If you happened upon this week’s article by the BBC economics editor, Kamal Ahmed, you could be forgiven for thinking that Britain’s technology sector has just been handed a remarkable boost. Ahmed’s piece concerned a Google headquarters to be opened in London, and at first glance, this ‘news’ appeared to be new. It seemed to indicate a major investment decision by one of the world’s leading multinationals, taken with an optimistic view towards June’s Brexit vote.
The opening three paragraphs of the piece certainly established this idea, as Ahmed wrote:
‘Google is to open a new headquarters building in London which could see 3,000 new jobs created by 2020.
The news comes as a major boost to Britain’s technology sector.
Sundar Pichai, the chief executive of Google, told the BBC that the UK was still an attractive place to do business.’
The assertion that this amounted to ‘news’, allied to a later sentence proclaiming ‘At present, Google employs around 4,000 people in the UK, a figure that could now rise to 7,000’, suggested that Ahmed was very much dealing with the present. In fact, Google agreed to build this very same headquarters in London all the way back in 2013.
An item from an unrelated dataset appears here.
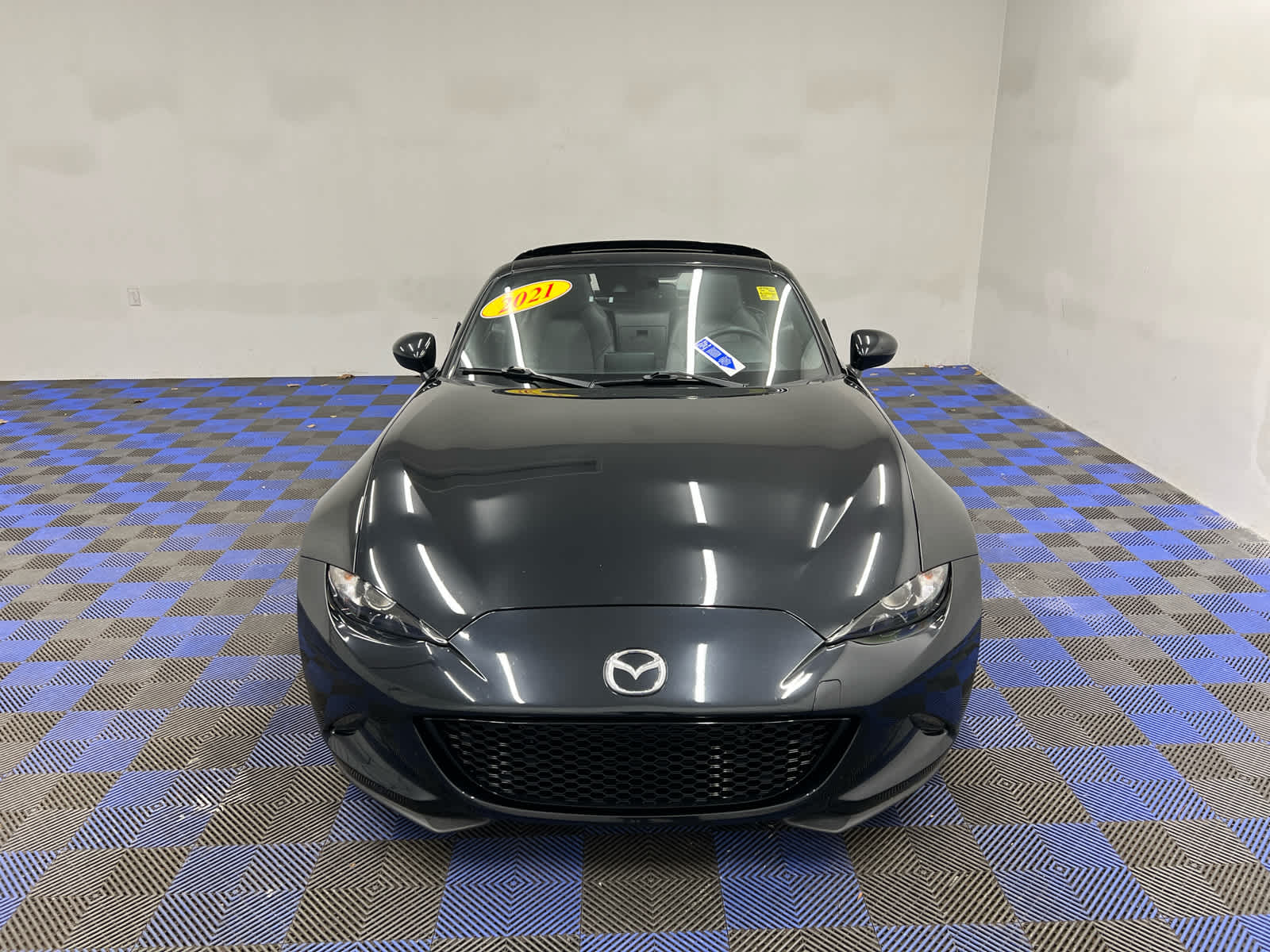 2021 Mazda MX-5 Miata RF Grand Touring Image 4 of 34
By June of that year, Google had bought a 2.4 acre plot in the King’s Cross area of central London for $1 billion, and had unveiled early designs for an 11-storey glass building which was scheduled to cost around $1.6 billion and be completed by sometime in 2017. In September 2013, Google’s plans were approved by Camden Council, as part of the King’s Cross Central regeneration project which was expected to generate 35,000 new jobs and 1,900 new homes. The Google headquarters was to become a base for 5,000 Google employees.
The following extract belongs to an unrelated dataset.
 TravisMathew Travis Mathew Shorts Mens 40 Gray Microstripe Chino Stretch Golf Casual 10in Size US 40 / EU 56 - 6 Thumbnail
Around the turn of 2015, Google went back to the drawing board, after the company’s co-founder Larry Page demanded a more innovative and extravagant design, capable of making a statement and serving as a template for prospective headquarters in other countries. The designers Thomas Heatherwick and Bjarke Ingels – already contributing to Google’s California campus – were brought in to rework the initial concept, which had been devised by the architecture firm Allford Hall Monaghan Morris.
So progress on the new headquarters was slower than Google had hoped, and the completion date became open-ended, but the technology giant remained eager throughout to stress its commitment to the UK. Ahmed’s piece this week contained no new information regarding the headquarters, its size, cost, or proposed number of employees.
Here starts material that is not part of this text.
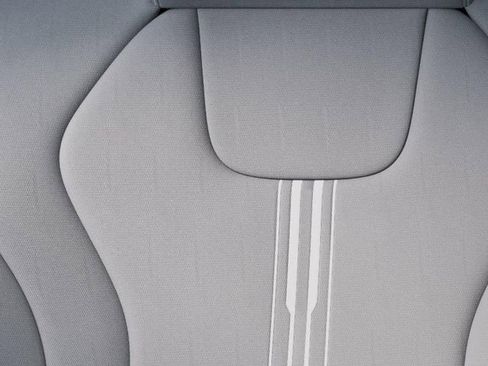 New 2025 Hyundai Elantra Sport image 18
It merely reiterated that despite the referendum result, Google will be going ahead with the building as it had always planned to do, while carrying quotes from chief executive Sundar Pichai stressing, in the most tactful terms, that free movement for skilled migrants is more important than ever when it comes to achieving technological progress. What initially read like a boon for Britain post-Brexit was instead a statement of perseverance, business as usual in what has long been an important market with reservations should controls on immigration stretch too far.